Cale’s outtakes fall in all possible categories, and I’ll argue that “Burned Out Affair” lands squarely in the last one. The major outtake from Paris 1919 is easily the most interesting bonus included on the reissued album-- much more so than yet another version of “Antarctica Starts Here.” With a title like “Burned Out Affair,” the listener expects a jaded slice of Cale-life, possibly a pastiche on a theme of Graham Greene (but not “Graham Greene”).

“Everything was fine/ when all the girls were boys/ and singing/ was the usual thing to do.”

Yes, kids, listen up while Uncle Cale tells you about the good old days. Cale sings of juvenile burning and looting over a lazy pastoral. The music shuffles along, and while it has the prominent slide guitar of the Paris 1919 sound, the arrangement doesn’t cut deep in the manner of the authentic Paris tracks. It’s the missing sonic link between Vintage Violence and Paris 1919 (and here I thought the missing link was “Gideon’s Bible”).

Not that anything about the song feels unfinished. Structurally complete and featuring a nicely mirrored lyric, “Burned Out Affair” tells a proper little tale. The central strand of the lyrics is the same thread that runs through the phantom streets of Paris-- loss-- but the overall treatment is more in the lighthearted manner of VV. Cale’s fading memories of pilfered magazines don’t tap into the same vein of menace that leaks through the evocations of childhood in “A Child’s Christmas in Wales.” Growing up’s a bit sad, yes, but what can one do? We don’t cry over Cale’s spilled milk and childishness, and he doesn’t seem to be inviting us to. Maybe something sinister is going on with the clumsy-eyed rats, but nothing in the song entices one to dig beneath the surface. Unlike the great tracks from this era, the images don’t wrap around the brain. “Ghost Story” may truly haunt you for the rest of your life, but this burned-out affair might just get caught in your mind occasionally.
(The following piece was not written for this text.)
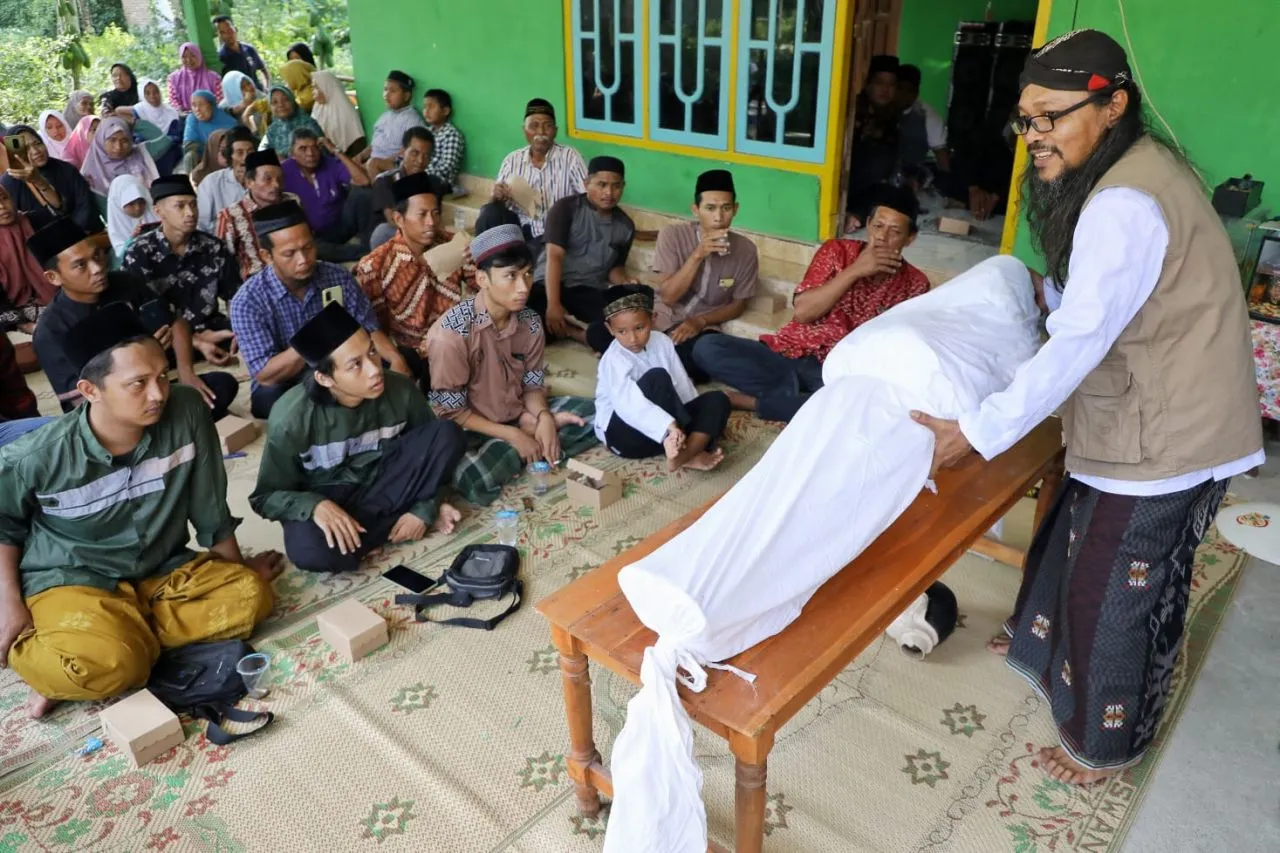 Warga Madiun Antusias Ikuti Pelatihan Pemulasaran Jenazah yang Digagas Relawan GGN Jatim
So, there it is-- interesting, listenable, pleasant but not really essential. Rather like most of Vintage Violence, really. Though the image of tin boys and young girls, melting away, seems an oblique reference to Andersen’s “The Steadfast Tin Soldier.” I can’t imagine where Cale was going with that, and I’ll leave it to the steadfast Cale blogger Inverarity to ponder it further.


Inverarity said...

It was exciting to hear an unreleased track from these sessions, though I hadn't expected much. Despite the very loose playing and a practice-quality vocal, it's worth hearing. I agree that it feels like an authentic "missing link" between Vintage Violence and Paris 1919 - I don't think that this came up in our conversations, and it's a keen insight.

I disagree, though, that it feels complete. The lyrics are very rickety - they bulge here and there, and the unconfident vocal testifies that Cale wasn't really sure about them either. The arrangement shows little of the care that the rest of the songs received - it feels as ramshackle as everything else. I think this was only run through a few times at most before they decided not to record it properly.
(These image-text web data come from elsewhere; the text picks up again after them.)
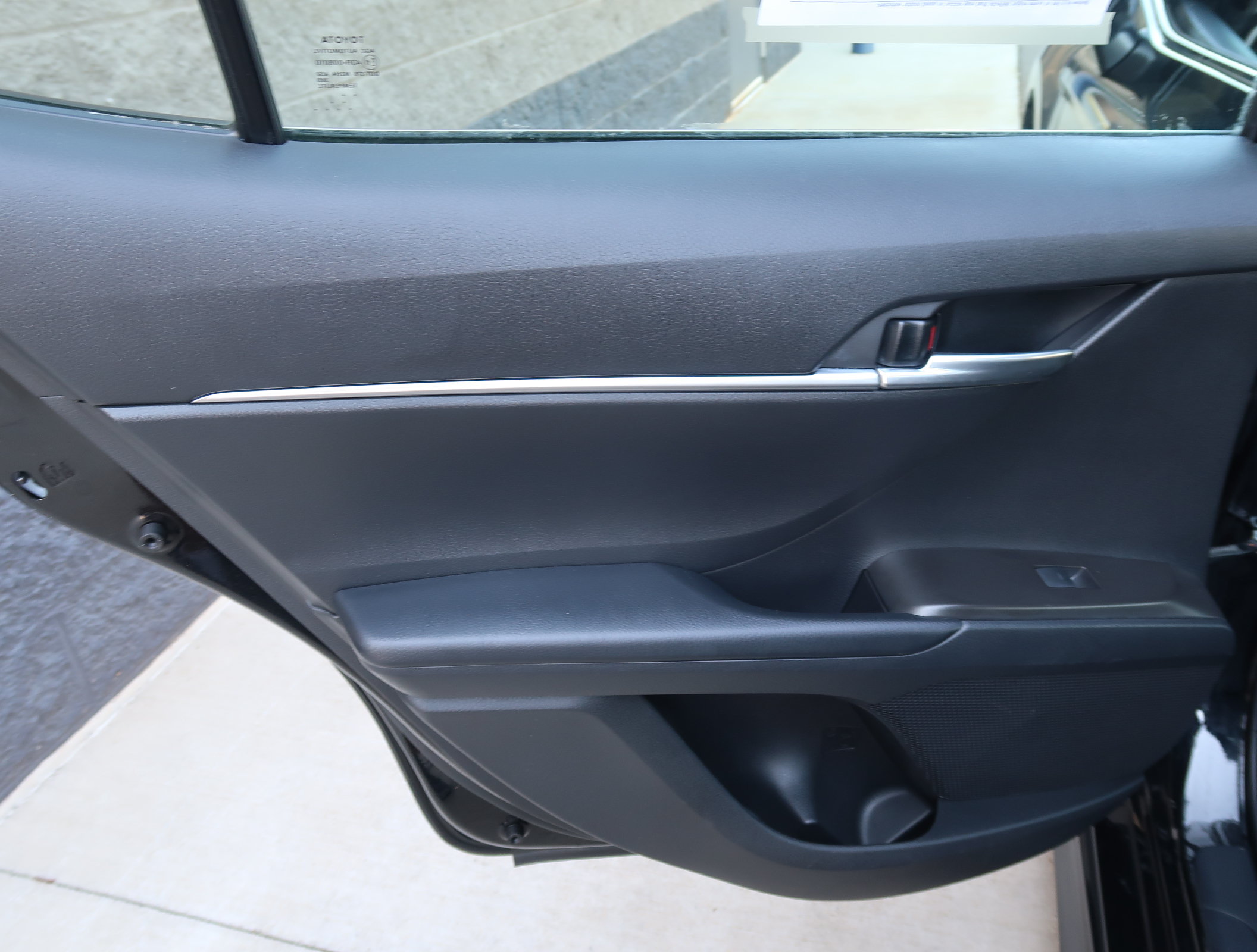 Used 2024 Toyota Camry SE w/ Convenience Package FWD image 33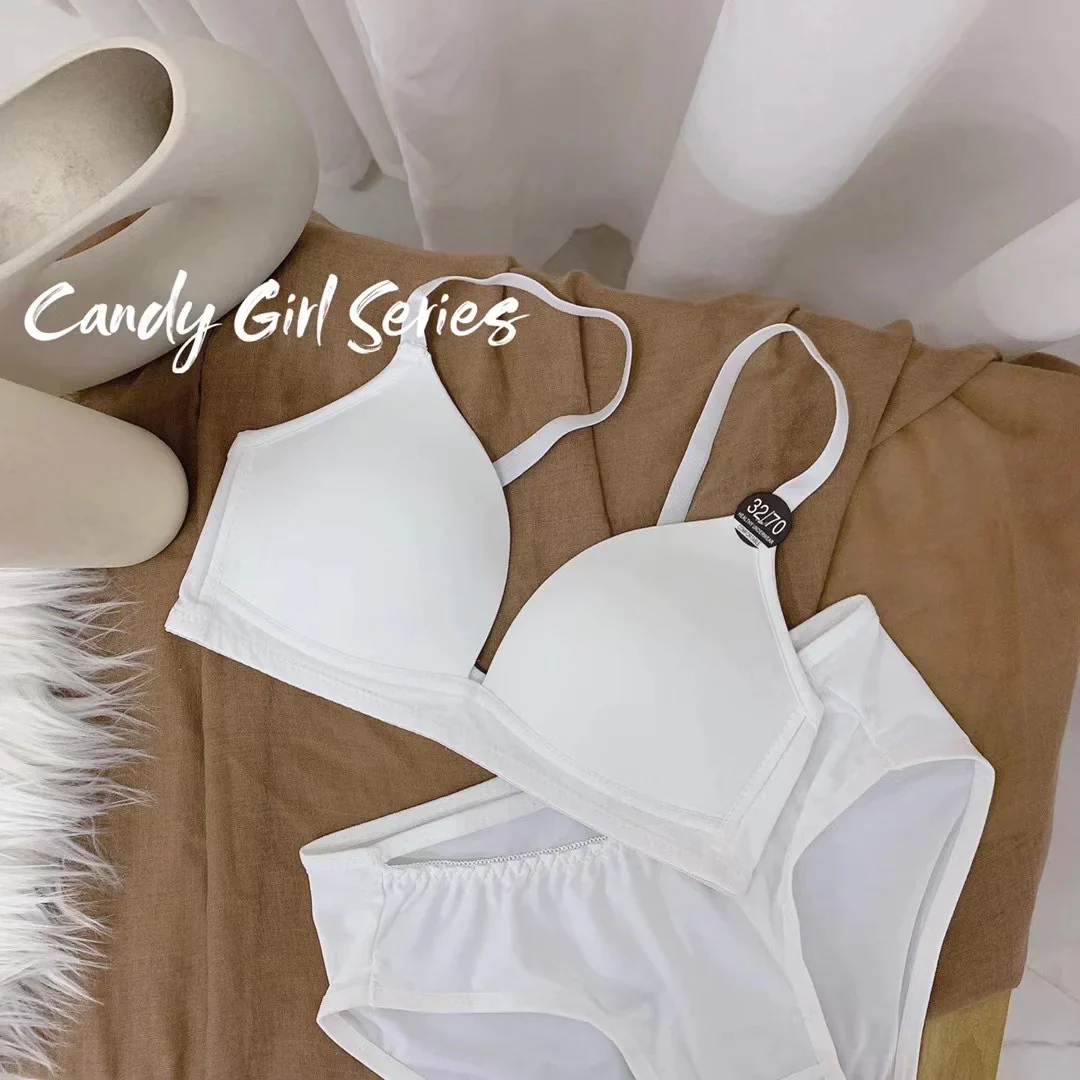 【50セット限定】［34/75AB ブラ&ショーツセット 2セット入］ 超盛れるブラジャー 下着 上下セット 可愛い ショーツ 刺繍レース ノンワイヤー痛くない自胸で谷間復活ナイトブラ 下着 セクシー ブラショーツセット ブラセール【ゲリラセール】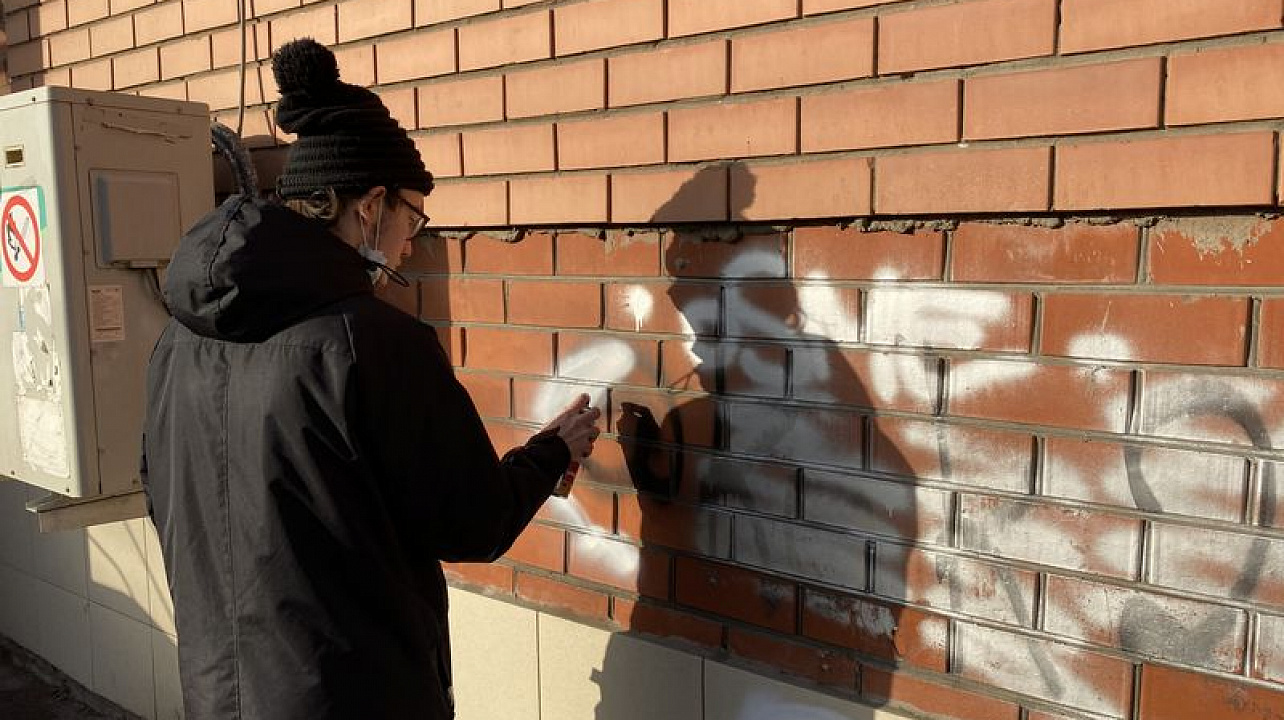 Молодежь Центрального округа вышла на борьбу с наркотрафаретами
I don't think I'd care much for the song without the truly excellent chorus. The lyric may not look too promising - "I can't bring back / I can't think back / It's fading again / The tin boys and young girls / All fading away" - but the fine melody shines through Cale's tonally-challenged vocal.

The Hans Christian Andersen connection is undeniable, but I think it's only meaningful in its reference to childhood. Like "A Child's Christmas in Wales," the song seems to be a very oblique personal reminiscence of growing up in Wales. I like the idea of childhood acquaintances melting away like toys. I'm not sure what's up with the gender switchery, though.

I think this song pairs well with "Empty Bottles", the very early Cale solo song he did with Lou Reed and Nico in 1972 and then gave to Jennifer Warnes. It's got the same feeling of disgusted nostalgia and helplessness.

Re Graham Greene: "Burned Out Affair" seems to be a portmanteau combining the GG novels "A Burnt-Out Case" and "The End of the Affair".

Inverarity said...

Then again, this could also be an obfuscated Velvet Underground reminiscence. Not many Cale songs offer that possibility.